*** Input data

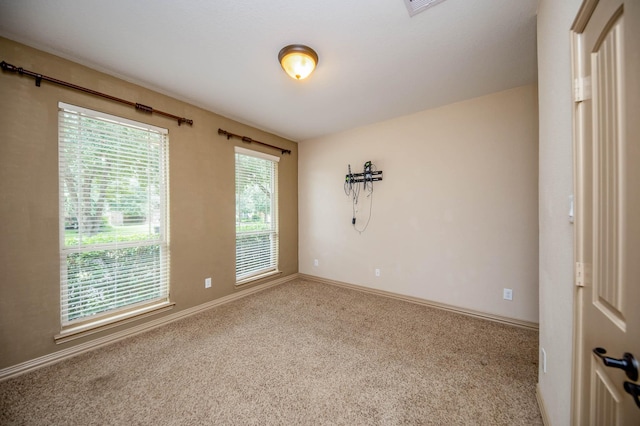 spare room with carpet floors and baseboards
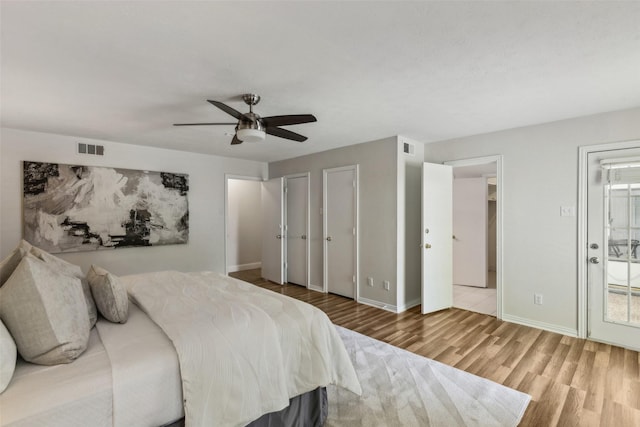 6908 Heatherknoll Dr, Dallas, TX 75248 - bedroom featuring wood finished floors, baseboards, a ceiling fan, and multiple closets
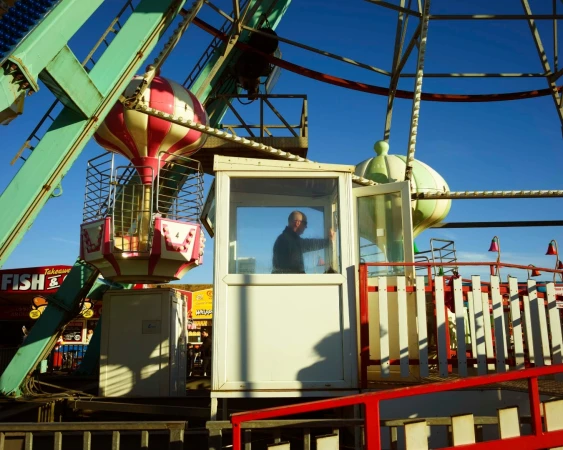 Ferris wheel with colorful cars and an adult man in the operator's booth against a clear blue sky on a sunny day at an amusement park.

******

__Task item__:
Could you print the data exactly as it appears and keep the pictures out?

__Response to the task__:
 spare room with carpet floors and baseboards
 6908 Heatherknoll Dr, Dallas, TX 75248 - bedroom featuring wood finished floors, baseboards, a ceiling fan, and multiple closets
 Ferris wheel with colorful cars and an adult man in the operator's booth against a clear blue sky on a sunny day at an amusement park.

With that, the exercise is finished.